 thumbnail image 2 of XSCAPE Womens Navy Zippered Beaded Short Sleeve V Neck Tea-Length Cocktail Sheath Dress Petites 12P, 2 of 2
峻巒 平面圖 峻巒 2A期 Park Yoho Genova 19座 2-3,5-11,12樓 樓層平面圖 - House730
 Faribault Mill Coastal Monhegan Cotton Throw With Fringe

--

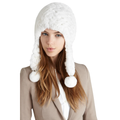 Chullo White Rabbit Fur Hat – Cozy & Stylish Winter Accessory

- **Description of the task**
Set down, exactly as they stand above, the lines starting with the line with "峻巒 平面圖 峻巒 2A期" and going on through the line with "Faribault Mill Coastal", and no others.

- **Answer space**
峻巒 平面圖 峻巒 2A期 Park Yoho Genova 19座 2-3,5-11,12樓 樓層平面圖 - House730
 Faribault Mill Coastal Monhegan Cotton Throw With Fringe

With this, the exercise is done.